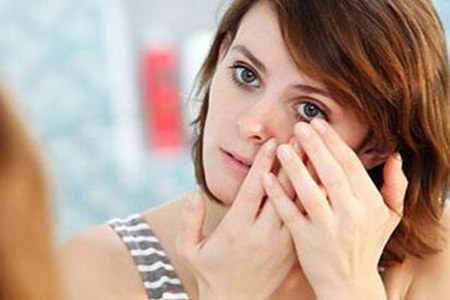 眼睛痒是怎么回事？这五个原因引发做针对性治疗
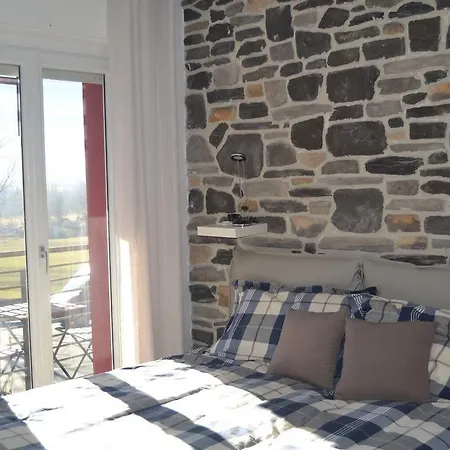 Smile בית הארחה Sarre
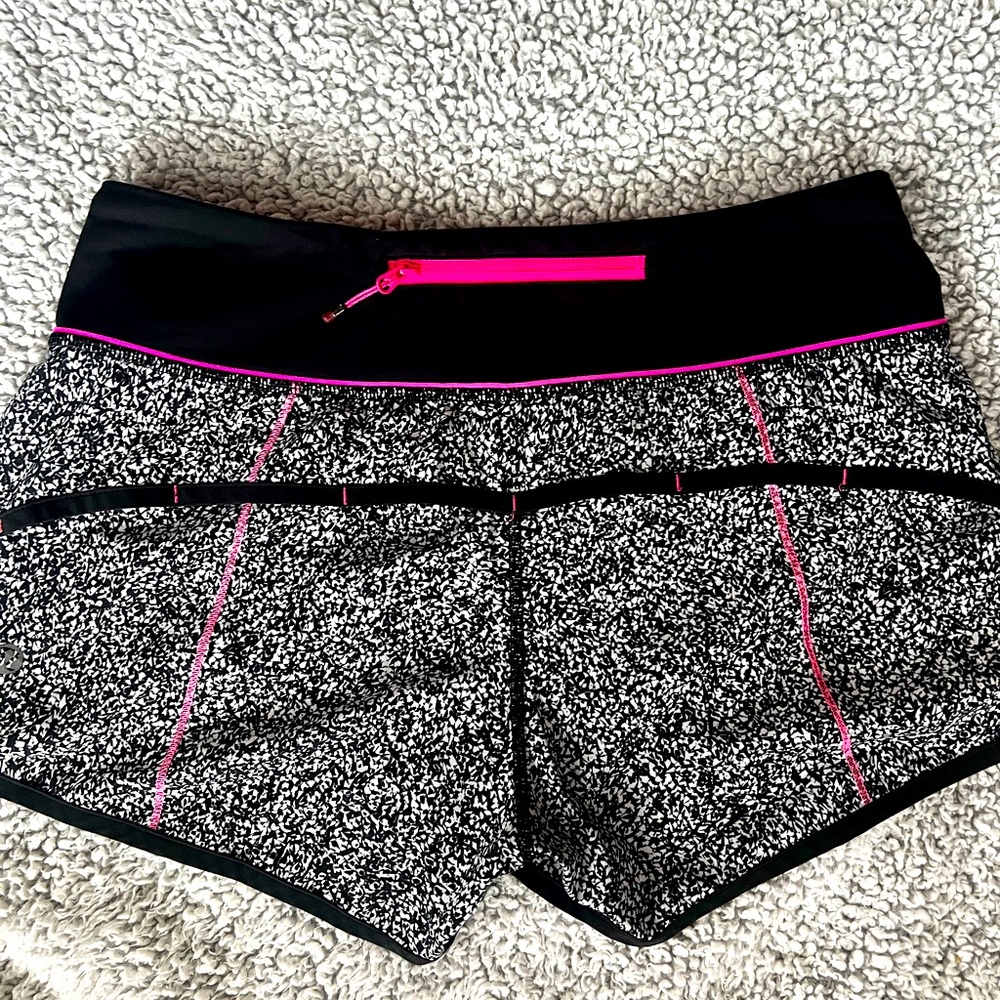 Lululemon Speed Up Low Rise Lined Shorts, Size 4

---------------

> WHAT THIS TASK INVOLVES: Give back the material above exactly as it appears, minus the pictures.

> REPLY:
 眼睛痒是怎么回事？这五个原因引发做针对性治疗
 Smile בית הארחה Sarre
 Lululemon Speed Up Low Rise Lined Shorts, Size 4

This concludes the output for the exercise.